In one of our properties in Amsterdam we are testing purchasing a minimum set of fixed furniture. We have formed a partnership with a local rental firm for events furniture, which helps us to adapt any meeting room or space to the needs of the clients. Our partners are using innovative video mapping to personalise certain spaces or walls, with a view to taking the event to the next level.

Have venues become agile enough to respond to new demands?

Requests are becoming more “out of the box.” They go from the simple setup in the room to setups requiring inflating furniture or holographic projectors. We really need to be a full-time assistant for our event planner – more than just finalising all the administrative work. We need to be more agile when reacting to unforeseen events, and build partnerships with different specialists.

It’s no longer a matter of just organising an event – it’s about organising an experience around the event. For instance, planners increasingly demand that we take care of all the activities related to the destination – to go above and beyond the experience of the city.

What are you doing to keep Radisson ahead of the competition?

First, we’re focusing on making sure the basics work seamlessly for everyone. We want to give our customers peace of mind that their event is in safe hands. For instance, we invested heavily in equipping all of our boardrooms with amenities such as high-quality display systems, video collaboration devices, easy-to-use screen connectivity, integrated sound systems, portable loudspeakers, and wireless presentation clickers.

Delivering all these basics in a brilliant way is the starting point. We then work together with our clients, and around their individual requirements, to add those extra touches that will make the event a memorable one.

How do you keep abreast of emerging technologies?

We work with the best AV and technology partners in the different capitals or cities where we operate. Technology is changing too fast for us to be investing heavily in the latest innovations, but if we collaborate with the best partners in the city we will always be able to offer our guests the latest and most appropriate technology.

We also participate in business events where technology is showcased, and look outside our hotels and our industry. I go to music, business and technology events to see how we can transform the hotel business. We encourage our employees to proactively build networks in the cities where they work – not only to forge connections with suppliers, but also to bring in new business.
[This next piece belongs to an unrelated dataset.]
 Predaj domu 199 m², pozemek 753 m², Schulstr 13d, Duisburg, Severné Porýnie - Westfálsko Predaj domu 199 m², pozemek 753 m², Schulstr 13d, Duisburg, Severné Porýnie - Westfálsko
How is the relationship changing between venues and planners?

The planners we work with are more professional and prepared than ever before. Some are extremely open to our assistance and advice; others are very clear about their vision for the event.
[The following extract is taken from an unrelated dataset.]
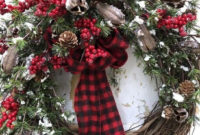 Unique Christmas Wreath Decoration Ideas For Your Front Door 31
There are also more meeting planners, who come from different industries and backgrounds. This is also reflected in our hotel guests, who come from every generation and a comprise a wide cultural mix. These are factors that can drive value in some cases but create disruption in others. So, our teams need to adapt and build trust with planners and guests.
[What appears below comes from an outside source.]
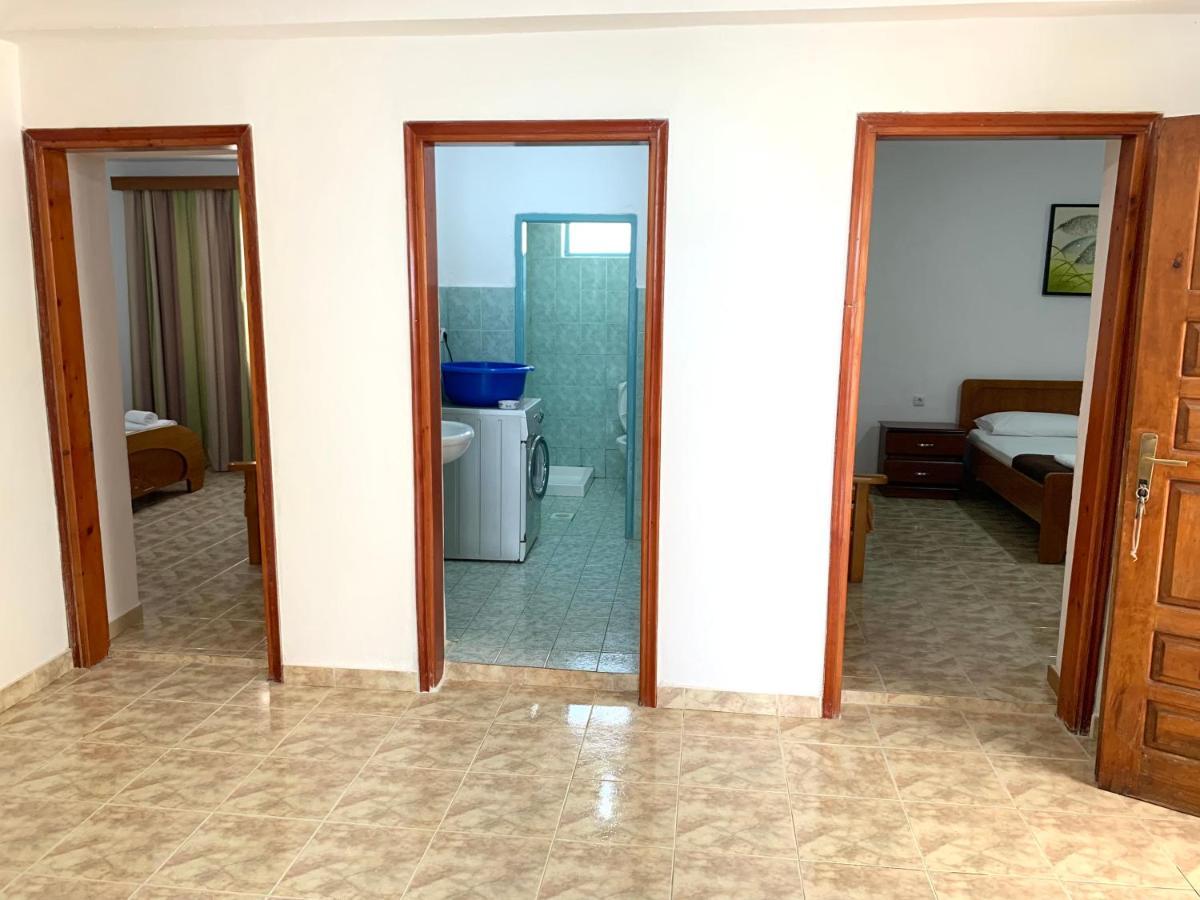 Duka Apts Sarandë Esterno foto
To do that, we often invite planners to site inspections. It’s a simple principle: whenever they are organising an event, the first thing they like to do is a tasting of the food. We take it further: why not give them a fitting of the meeting room, or a try-out of the technology they want?

Smart, immersive technology can complement and enhance human connections at events. But striking the right balance is not straightforward. As with all choices that planners make, the attendee’s personal needs should be at the heart of decision making.